An exact copy of all the data is needed, with every picture left out.

___ Data section ___

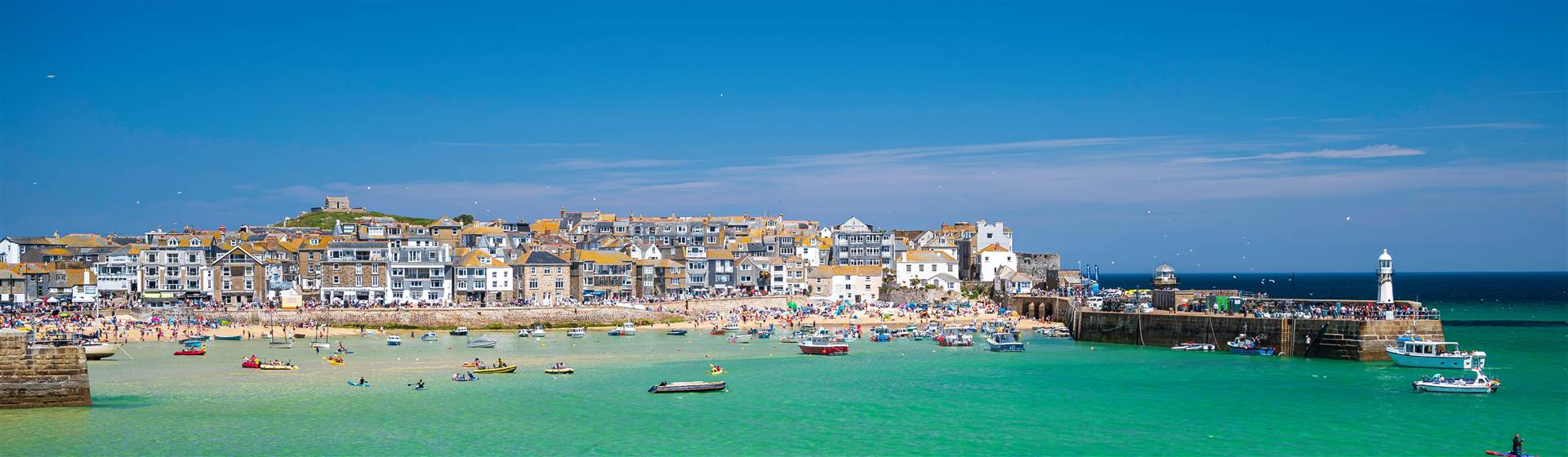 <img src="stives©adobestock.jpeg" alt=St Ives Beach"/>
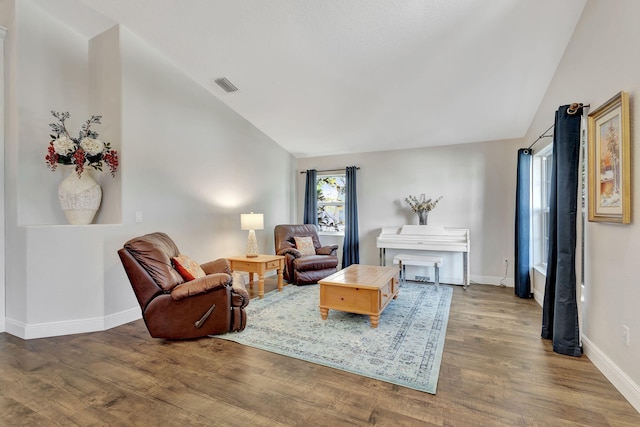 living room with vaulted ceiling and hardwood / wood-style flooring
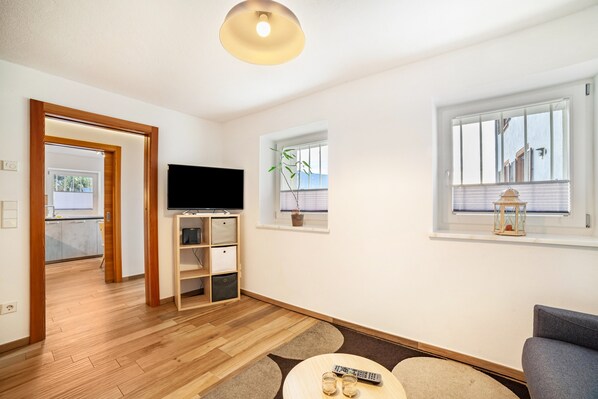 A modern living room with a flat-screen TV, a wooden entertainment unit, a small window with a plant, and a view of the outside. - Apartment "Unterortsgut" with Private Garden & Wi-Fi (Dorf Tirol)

___

-- Response --
 <img src="stives©adobestock.jpeg" alt=St Ives Beach"/>
 living room with vaulted ceiling and hardwood / wood-style flooring
 A modern living room with a flat-screen TV, a wooden entertainment unit, a small window with a plant, and a view of the outside. - Apartment "Unterortsgut" with Private Garden & Wi-Fi (Dorf Tirol)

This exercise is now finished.